La maturation du projet de Villeurbanne a comporté deux facteurs favorables : la construction a commencé deux ans avant le vote de la loi, ce qui explique la rapidité de sa montée en puissance, une fois la loi votée et le projet accepté. Il a ensuite été conduit en partenariat par la ville de Villeurbanne et la Mission Régionale d'Information sur l'Exclusion, la MRIE, structure ayant plus de 25 ans d'expérience dans l'ingénierie d'insertion.

 

Quel est le modèle de recrutement ?

 

La priorité accordée à la remise au travail des personnes se traduit dans les modalités de recrutement : l'embauche a lieu avant de savoir quelle activité va être affectée au nouveau salarié ; on va la construire avec lui. Un processus d'accueil a été défini : tous les mardis après-midi, les portes sont ouvertes pour accueillir tous ceux qui se présentent. En fait nous accueillons très largement, au-delà des critères permettant une embauche dans le cadre du dispositif. Le recrutement a principalement lieu sur le critère de la volonté de travailler. Le recrutement se fait sans sélection, c'est à dire dans l'ordre chronologique des inscriptions. La conséquence en est un taux d'inactivité assez élevé et un phénomène de fil d'attente. Mais la solidité du processus est à ce prix.

 

Quel est selon vous l'élément le plus original de l'ingénierie que vous avez mis en place ?

 

Très certainement le « Booster » ; c'est une association qui constitue le bras armé du Comité local qui pilote l'opération. Cet outil, dont nous sommes les seuls à disposer parmi les dix expérimentations, remplit deux fonctions. La première consiste à inventer et à faire fonctionner des mécanismes de préparation à l'emploi. Ce peut être des formations, souvent financées par la Région dans le cadre de la procédure CARED en cas de promesse d'embauche ; ce peut être aussi l'orientation vers d'autres formules d'emploi que notre Entreprise à But d'Emploi, (Émerjean), par exemple une création d'emploi sous statut d'auto-entrepreneur ou l'emploi dans une entreprise d'insertion. Nous faisons du sur mesure. La seconde fonction est celle d'incubateur d'activités nouvelles. Le Booster noue des relations avec des entreprises d'insertion, mais aussi avec des entreprises ordinaires.
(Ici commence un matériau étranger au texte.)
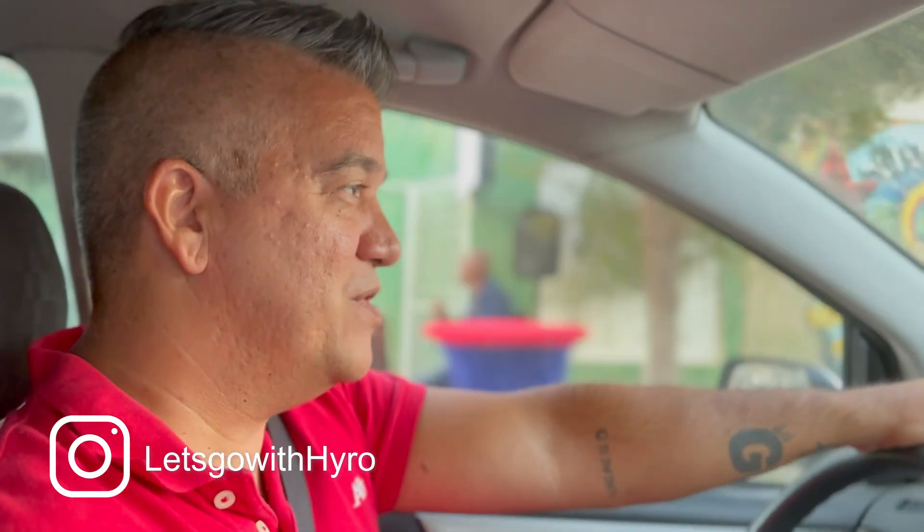Good evening guys, welcome back to the channel. My name is Jairo and I create travel content and Aruba content. Tonight we are here on the island of Aruba, in San Nicolas to be more specific, and we're going to look for Saco di Felipe — a very typical local place. Let's go.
La relation avec les entreprises d'insertion est très importante : au début elles ont vu d'un mauvais œil notre arrivée et nous ont perçus comme des concurrents ; puis elles se sont aperçues que nous leur amenions de la « clientèle ». Nous devons leur faire comprendre, comme d'ailleurs aux entreprises ordinaires qui ont de la peine à recruter, que nous pouvons constituer un maillon, à la fois social et économique, dans la chaîne du retour à l'emploi.

 

Comment le Booster est-il financé ?

 

Un peu par les cotisations de ses membres (entreprises ou particuliers), un peu par des subventions publiques de l'État ou des collectivités, mais surtout par du mécénat, y compris du mécénat de compétence : le permanent est ainsi détaché par la société Accenture.

 

Quelles sont les caractéristiques de la population qui s'adresse à vous et ont-elles évolué ?

 

Au début nous avions une grande majorité de femmes et très peu de jeunes. Puis les jeunes sont venus petit à petit ; le bouche-à-oreille a joué. Ne cachons pas que nous avons eu quelques problèmes avec certains jeunes. Nous avons même dû procéder à un licenciement.

 

Quel est le type de management d'Emerjean ?

 

Pour une entreprise de 80 personnes, nous avons mis en place un management très particulier, très horizontal. Il n'y a pas de hiérarchie intermédiaire, seulement un directeur et une adjointe et des référents désignés par leurs pairs : à part le directeur et son adjointe, tous les salariés sont payés au SMIC. Ce choix managérial qui développe l'initiative et la responsabilité et qui limite les coûts salariaux correspond aux caractéristiques actuelles du Projet dans le contexte du quartier. Les choses évolueront peut-être ?

 

Vous avez beaucoup parlé du rôle des entreprises, tant sur le plan financier que comme partenaires potentiels. Comment entretenez-vous les liens avec elle ?

 

Nous avons mis en place un club d'entreprises comprenant à la fois des entreprises d'insertion et des entreprises ordinaires. Il se réunit une fois par mois. C'est vraiment du gagnant-gagnant pour tout le monde. Les entreprises ont besoin de services qu'elles ne trouvent pas forcément à proximité de manière satisfaisante en prix et en qualité. Je pense par exemple au nettoyage des vêtements de travail pour des PME et TPE. Beaucoup d'entre elles connaissent aussi des difficultés de recrutement et sont intéressées par les salariés d'Emerjean. Par ailleurs, il est important pour nous de créer un flux de sortie : nos salariés n'ont pas forcément vocation à rester toute leur vie dans Emerjean. Rejoindre une entreprise ordinaire peut constituer pour eux un objectif qui renforce l'estime de soi et peut leur permettre de gagner plus. Cela crée aussi de la motivation pour ceux qui entrent ou qui restent : il y a des perspectives ! Le club a aussi comme intérêt d'être un lieu de rencontre entre entreprises d'insertion et entreprises ordinaires. Toutes prennent conscience qu'elles ont besoin les unes des autres, qu'on ne peut séparer le social de l'économique et qu'être solidaires sur un territoire les renforce.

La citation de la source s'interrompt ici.